§ **Problem description**:
Could you repeat the entries below exactly, but only from the line with "You want to" through the line with "In this case we'll", and without any picture?

§ **Extracted material**:
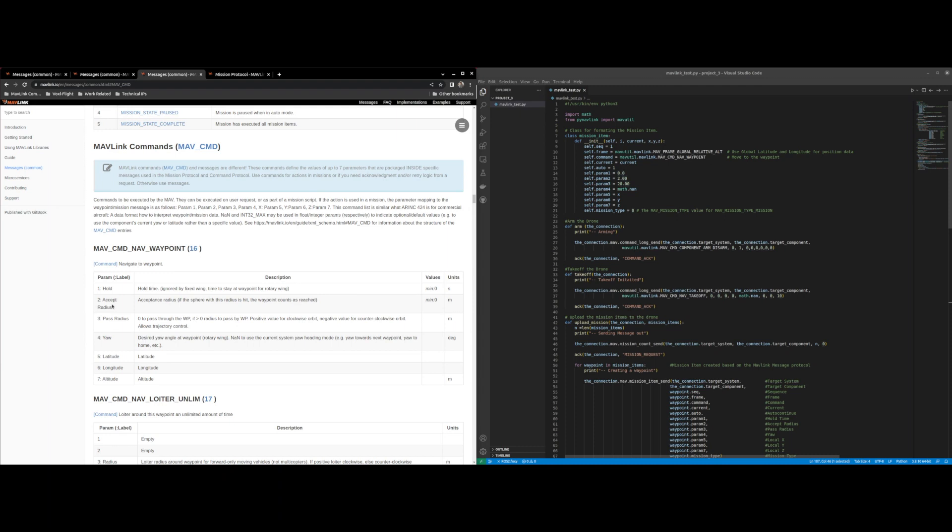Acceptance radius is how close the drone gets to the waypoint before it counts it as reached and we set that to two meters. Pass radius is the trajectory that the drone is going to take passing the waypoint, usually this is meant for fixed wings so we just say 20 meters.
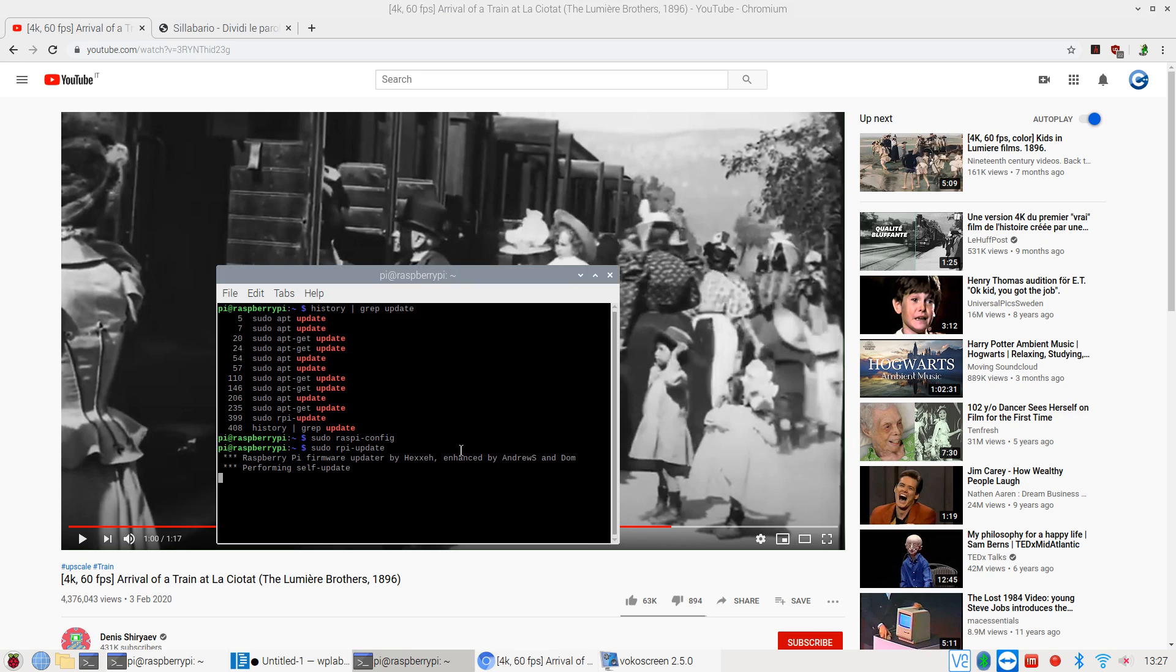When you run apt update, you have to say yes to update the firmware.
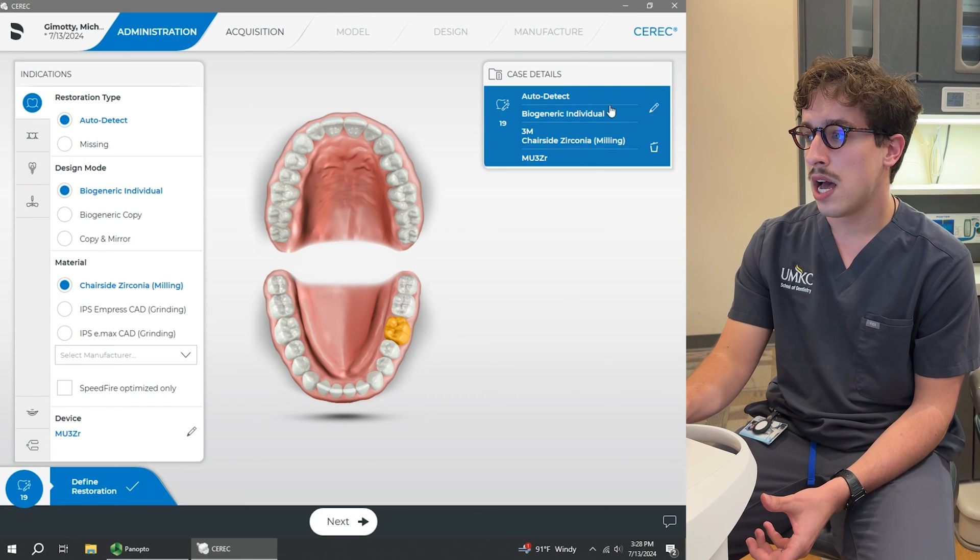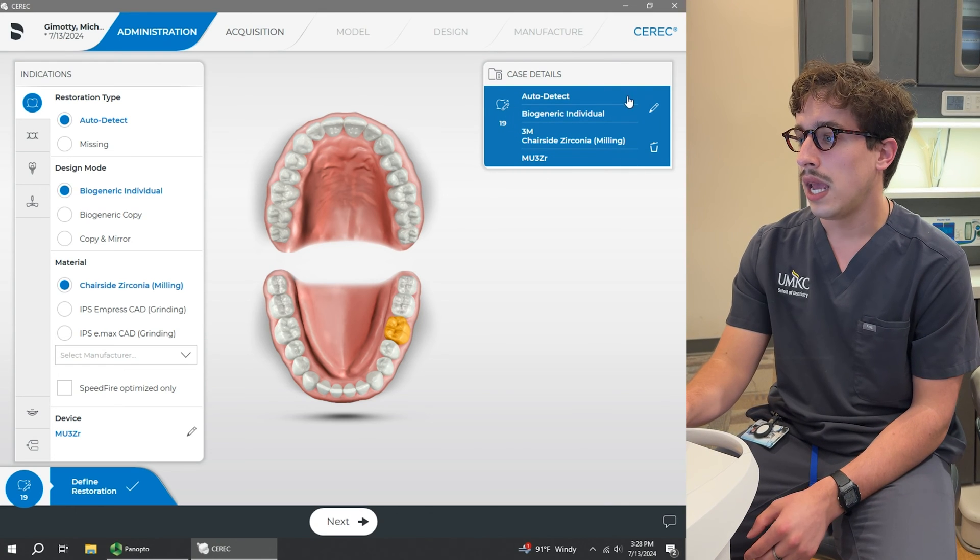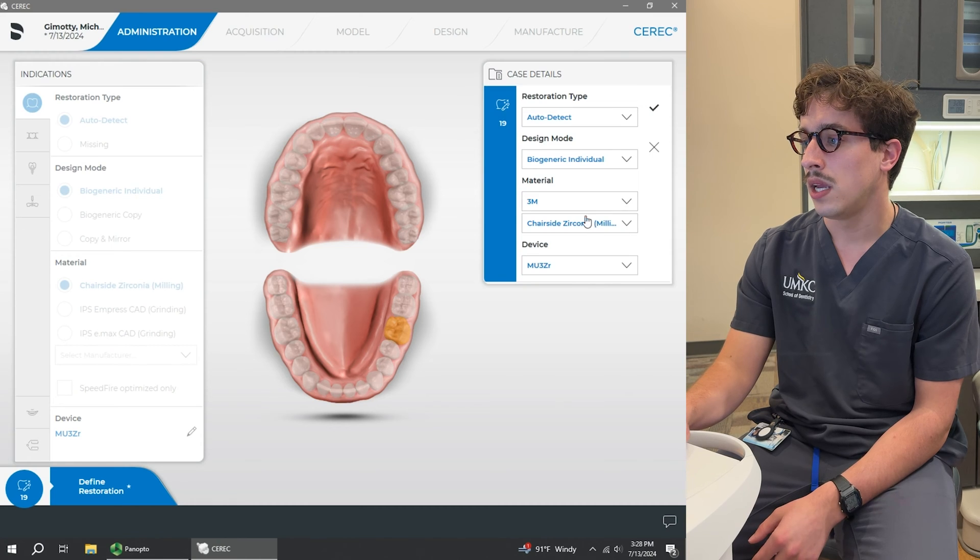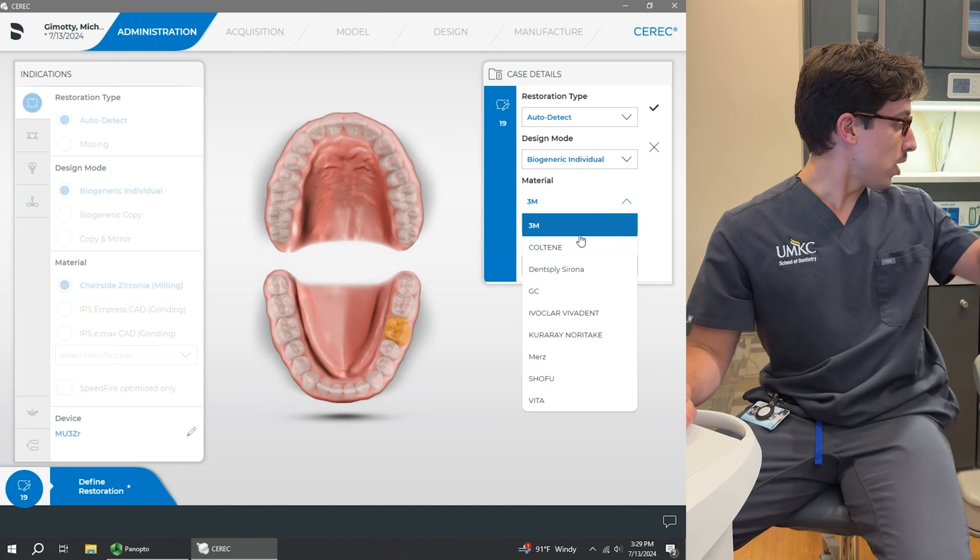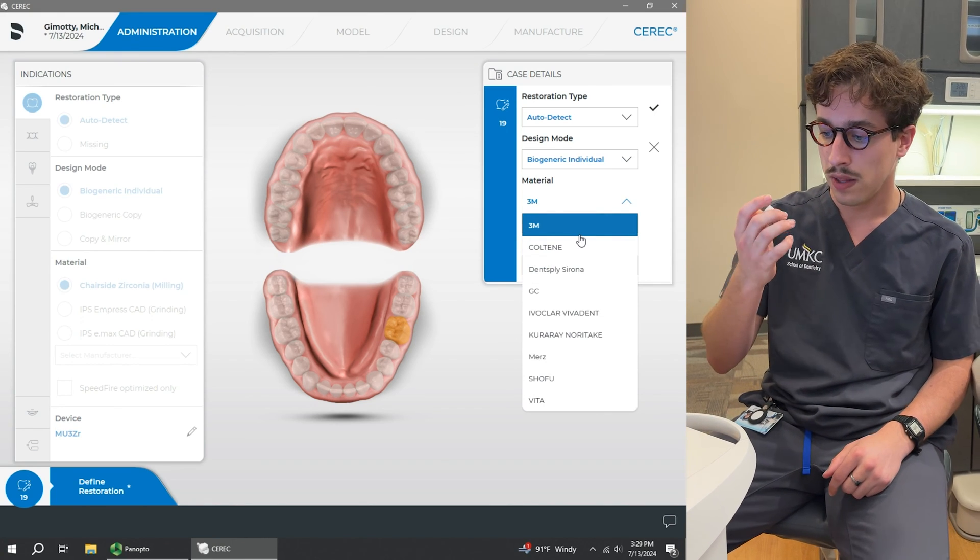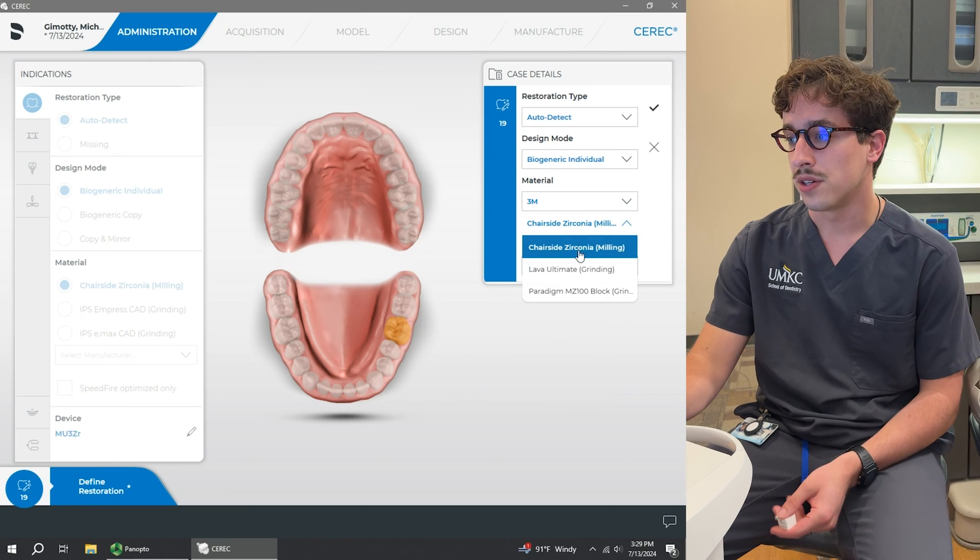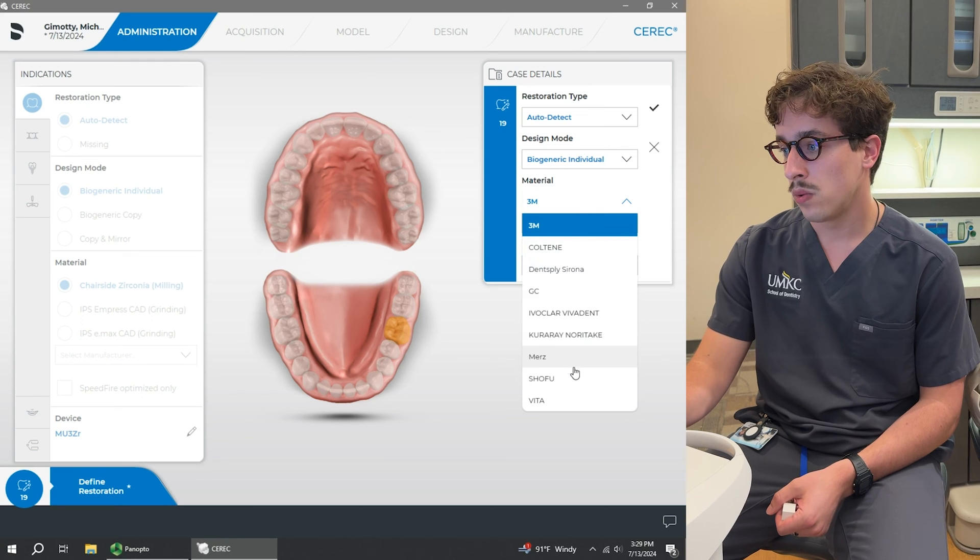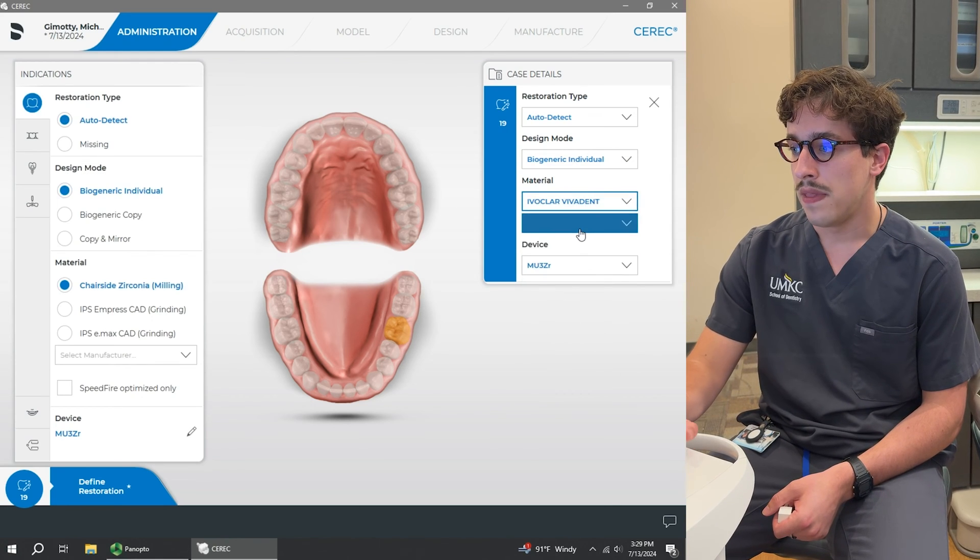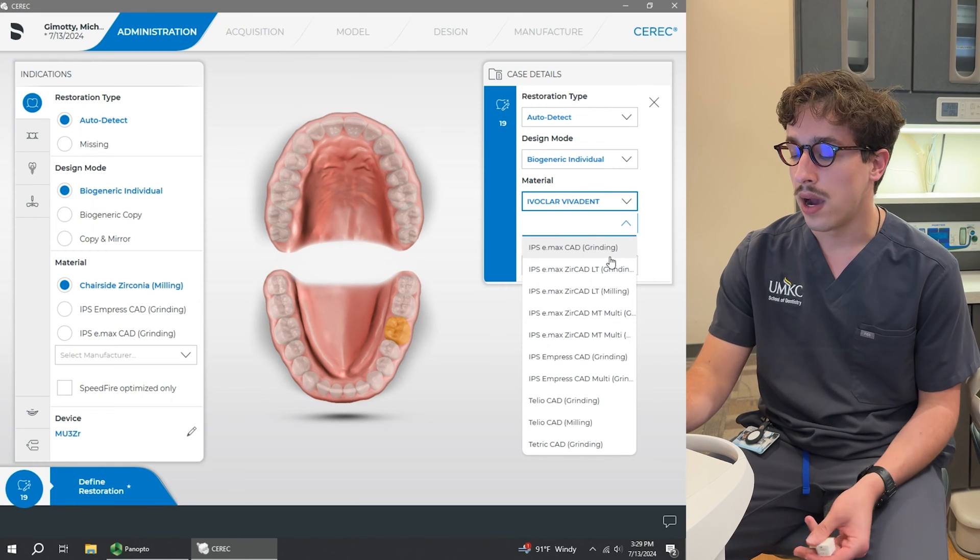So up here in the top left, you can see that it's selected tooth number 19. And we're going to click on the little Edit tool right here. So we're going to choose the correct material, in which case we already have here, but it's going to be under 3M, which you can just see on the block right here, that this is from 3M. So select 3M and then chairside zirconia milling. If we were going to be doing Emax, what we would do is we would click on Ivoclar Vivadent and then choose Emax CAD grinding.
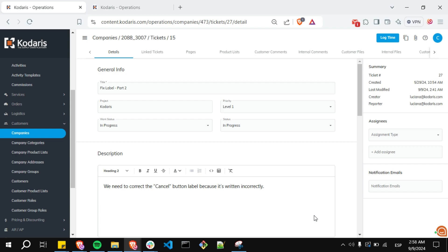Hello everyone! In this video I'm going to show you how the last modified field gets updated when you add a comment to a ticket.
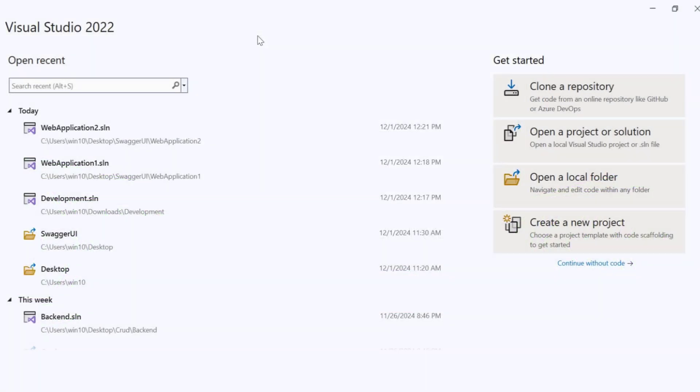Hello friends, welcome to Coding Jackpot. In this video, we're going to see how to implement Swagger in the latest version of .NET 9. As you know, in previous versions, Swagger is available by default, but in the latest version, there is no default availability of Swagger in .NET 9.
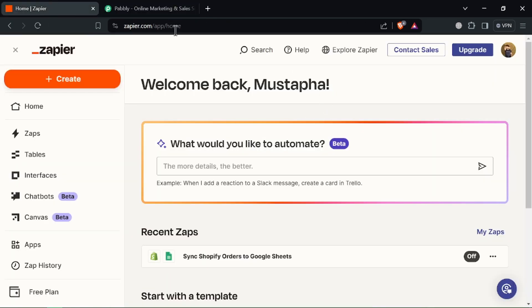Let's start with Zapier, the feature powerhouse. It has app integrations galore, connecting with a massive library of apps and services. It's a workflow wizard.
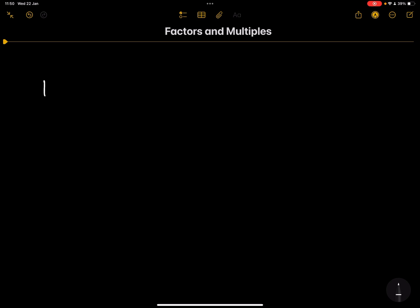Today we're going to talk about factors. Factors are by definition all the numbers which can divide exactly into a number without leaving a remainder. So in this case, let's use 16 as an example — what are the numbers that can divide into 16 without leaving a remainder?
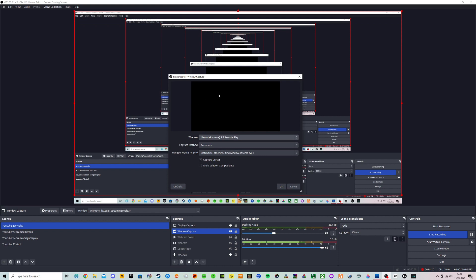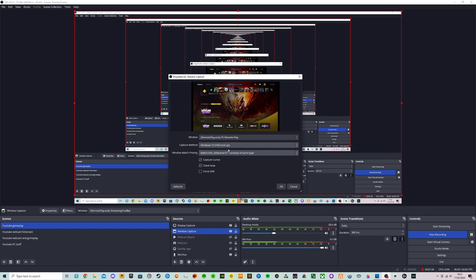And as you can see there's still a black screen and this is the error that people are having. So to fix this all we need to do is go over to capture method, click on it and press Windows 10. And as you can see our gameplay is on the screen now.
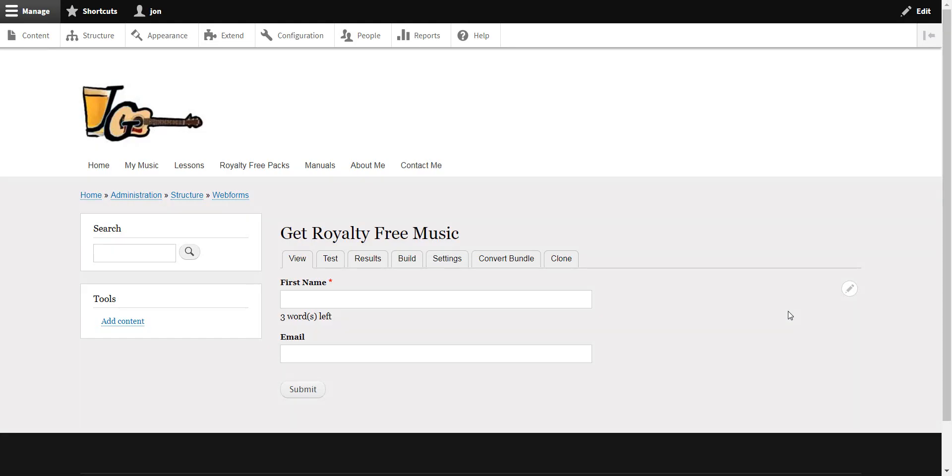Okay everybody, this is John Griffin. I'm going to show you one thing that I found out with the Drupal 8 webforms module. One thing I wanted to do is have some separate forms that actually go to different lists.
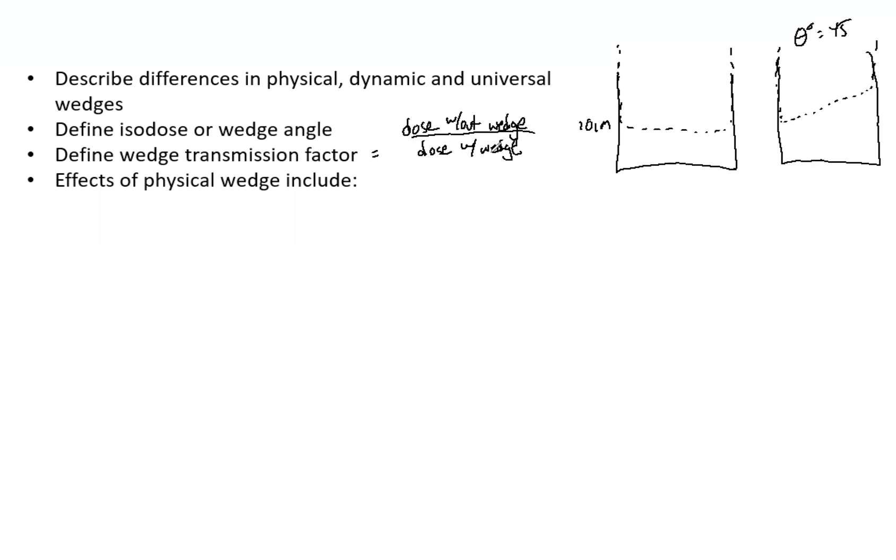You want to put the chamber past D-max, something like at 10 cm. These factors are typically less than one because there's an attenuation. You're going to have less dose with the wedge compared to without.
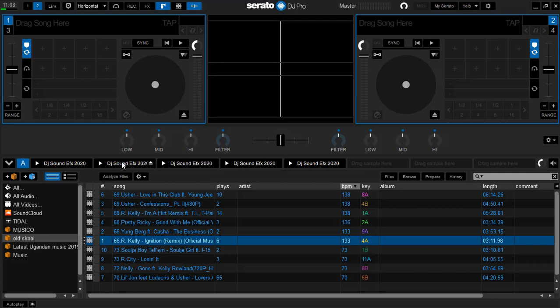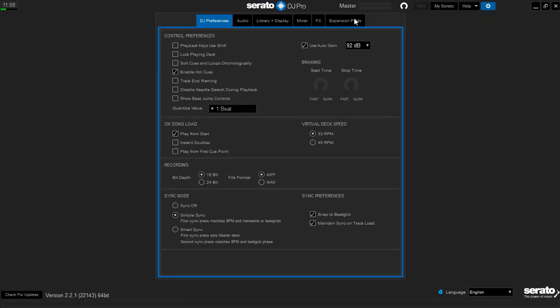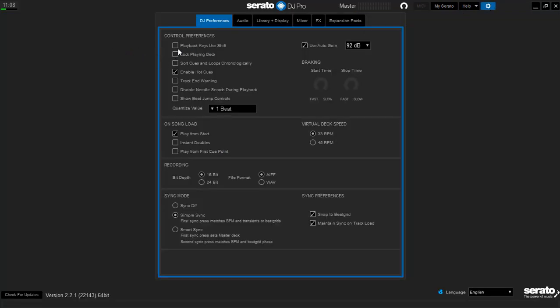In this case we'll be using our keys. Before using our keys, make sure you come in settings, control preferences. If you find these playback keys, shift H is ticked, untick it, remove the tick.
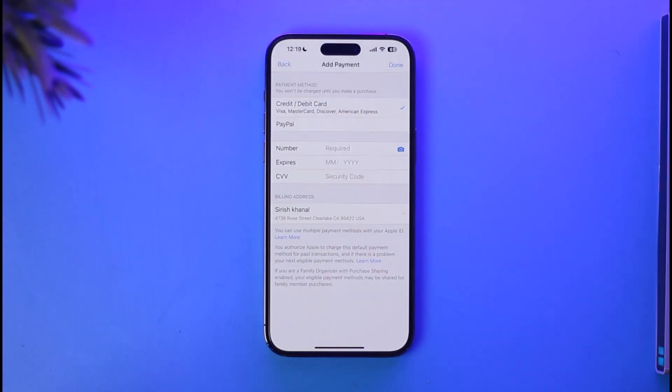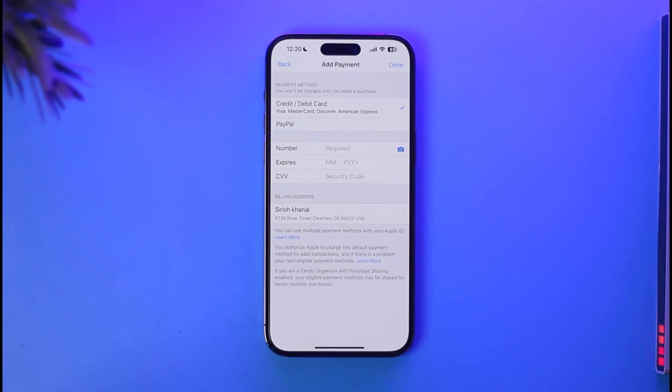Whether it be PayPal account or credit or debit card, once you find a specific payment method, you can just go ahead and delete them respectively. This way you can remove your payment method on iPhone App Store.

§ **Problem solution**:
You want to put the chamber past D-max, something like at 10 cm. These factors are typically less than one because there's an attenuation. You're going to have less dose with the wedge compared to without.
In this case we'll be using our keys. Before using our keys, make sure you come in settings, control preferences. If you find these playback keys, shift H is ticked, untick it, remove the tick.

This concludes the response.